What is it about a work permit or “Iqama” of countries like UAE that tempts the political leaders-cum-business tycoons to serve there, even if just in papers and not receiving salary, than rule here in Pakistan where people elect them as their representatives?

Little does a common man or voter know that there is more to having an Iqama or work permit in places like UAE for politicians or for that matter any rich man, who has made money, puts it in a foreign bank account but doesn’t want it to be known to his country of nationality.

According to information searched on web regarding residency and work permit in UAE, there are easy options to get residency in such countries by buying property or registering a company.

Residency of other country easy way to hide details of foreign bank accounts

“Not only does such company provide shareholders with residency, it also does provide such option for its employees, if necessary…,” says a website advising and providing service to such clients, who want to apply for UAE residency. Like the Sharif family many opt for it.

Only investment advisers, financial gurus or in simple terms bankers can know this better as they use this strategy for many rich Pakistanis, who want to open bank accounts abroad but also do not want their offshore bank details shared with the Pakistan government.

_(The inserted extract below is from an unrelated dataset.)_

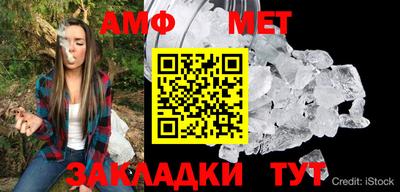 метадон Усть-Илимск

The reason is simple. Foreign banks share information, if requested, with a country of its account holder on the basis of residency rather than nationality. A Pakistani having residency like former PM in UAE would not be reported to Pakistan if ever being probed by the Pakistan government but UAE would be holding his account details and power to disclose it if ever requested by authorised bodies.

So the treaties, like the one signed by the PML-N government with Switzerland on exchange of information regarding bank accounts, don’t worry those Pakistanis, who have foreign bank accounts but also residency of UAE or any other country. Iqama or work permit is a legal proof of such residency.

Not only UAE banks but all foreign banks including Swiss banks register account holders on basis of residency rather than nationality.

So a Pakistani having shown residency of UAE while setting up his or her foreign bank account would not be reported to Pakistan government, a senior banker having experience of working in foreign banks explained why getting a residency in UAE was so popular and an Iqama or proof of it so dear to many rich Pakistanis including politicians.

“At the time of opening a foreign account, they write address or residency in UAE showing work permit or Iqama as their proof and thus get advantage of never their bank account reported to Pakistan,” said another financial expert.

Pakistan may have signed treaty with Switzerland and may have become part of global forum on an exchange of tax information of offshore accounts and investments but the dirty rich know how to evade such checks.

Ironically, the very government which signed it had an executive head or PM and other ministers, who knew how to cheat their way out. They knew foreign banks could never report their offshore accounts to Pakistan if ever there was need of a probe. And that is why a prime minister and some federal ministers had to take the pains to get an Iqama proving residency of another country to keep their gains.

National Party leader Hasil Bizinjo while defending his political ally -- PML-N -- the very next day of Supreme Court’s verdict of disqualifying Nawaz Sharif blurted out that some 60 per cent of the members of Parliament had work permits of countries other than Pakistan.

It won’t be surprising if more Iqamas of the parliamentarians surface in coming days as the curious case of Iqama is no mystery anymore. However, will people still elect such politicians in future elections is a mystery.